Note This article uses Java 21 as the baseline. Virtual threads are stable in Java 21 (JEP 444), so no preview flags are needed here.

Originally published on engnotes.dev: https://engnotes.dev/blog/project-loom/virtual-threads-revolution-part-1
This is a shortened version with the same core code and takeaways.

If you have worked on Java backends long enough, you have probably seen the same problem show up again and again. The business logic is not especially hard. The traffic is. Then the thread math starts. How many threads, how much memory, how much waiting, how much tuning before the whole thing starts feeling awkward.

That is the pain virtual threads address.

The Old Problem

Platform threads are expensive. Each one uses real OS resources and carries a meaningful memory cost. For blocking I/O workloads, that puts a ceiling on concurrency much earlier than most teams want.

This is the usual shape:

public class PlatformThreadPoolServer {
    private static final int PORT = 8080;
    private static final int THREAD_POOL_SIZE = 20;
    private static final long BLOCKING_SIMULATION_TIME = 200;

    public static void main(String[] args) throws IOException {
        ExecutorService threadPoolExecutor = Executors.newFixedThreadPool(THREAD_POOL_SIZE);
        HttpServer server = HttpServer.create(new InetSocketAddress(8080), 0);

        server.createContext("/api", exchange -> {
            threadPoolExecutor.submit(() -> {
                try {
                    Thread.sleep(BLOCKING_SIMULATION_TIME);
                    String response = "Platform Thread Ok\n";
                    exchange.sendResponseHeaders(200, response.length());
                    exchange.getResponseBody().write(response.getBytes());
                    exchange.close();
                } catch (Exception e) {
                    e.printStackTrace();
                }
            });
        });

        server.setExecutor(null);
        server.start();
    }
}

This works, until too many requests block at once.
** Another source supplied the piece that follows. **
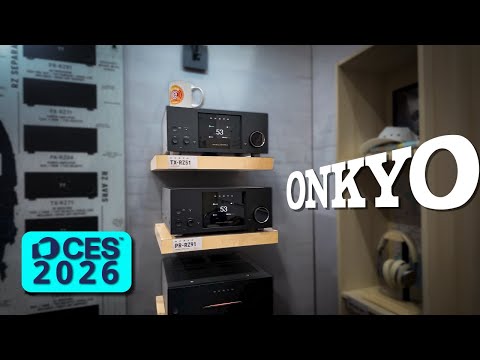 Onkyo Surprises at CES 2026 with New Line of A/V Receivers and Home Theater Separates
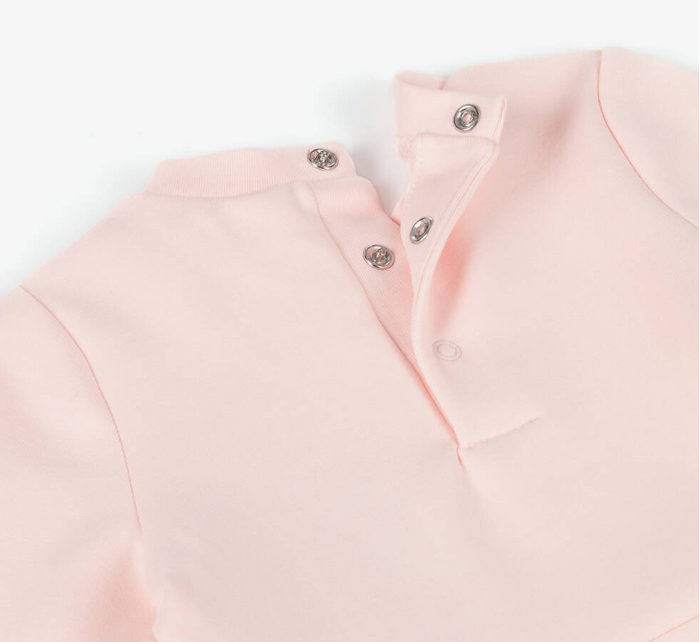 MICHAEL KORS Girls Pink Jersey Monogram Dress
Then threads stay tied up, queues grow, and latency starts getting ugly.

Most of us worked around that with bigger pools, more tuning, or async/reactive code. Sometimes that was the right call. A lot of the time it was just the cost of an old model.

What Virtual Threads Change

The big change is not new syntax. The code still looks like normal Java.

public class VirtualThreadPoolServer {
    private static final int PORT = 8080;
    private static final long BLOCKING_SIMULATION_TIME = 200;

    public static void main(String[] args) throws IOException {
        ExecutorService loomExecutor = Executors.newVirtualThreadPerTaskExecutor();
        HttpServer server = HttpServer.create(new InetSocketAddress(8080), 0);
        server.createContext("/api", exchange -> {
            loomExecutor.submit(() -> {
                try {
                    Thread.sleep(BLOCKING_SIMULATION_TIME);
                    String response = "Virtual Thread Ok\n";
                    exchange.sendResponseHeaders(200, response.length());
                    exchange.getResponseBody().write(response.getBytes());
                    exchange.close();
                } catch (InterruptedException e) {
                    Thread.currentThread().interrupt();
                } catch (Exception e) {
                    e.printStackTrace();
                }
            });
        });

        server.setExecutor(null);
        server.start();
    }
}

That is why Loom feels so practical. The control flow stays direct. The code stays readable. But the runtime behavior changes in a way that matters a lot for I/O-heavy systems.

The Useful Mental Model

Virtual threads use M:N scheduling. Many virtual threads run on a smaller set of carrier threads, which are regular platform threads.

The important bit is this:

when a virtual thread blocks on I/O, it parks and releases its carrier thread. That carrier thread can immediately run something else.

That is the part that changes the tradeoff. Blocking no longer means burning an OS thread while you wait.

Where They Help

Virtual threads are a strong fit for:

web services handling lots of concurrent requests
database calls, file operations, and network I/O
task-oriented backend flows where blocking is the natural model
systems where async complexity has grown faster than the business logic

Where They Do Not Magically Help

Virtual threads improve request concurrency. They do not remove system limits.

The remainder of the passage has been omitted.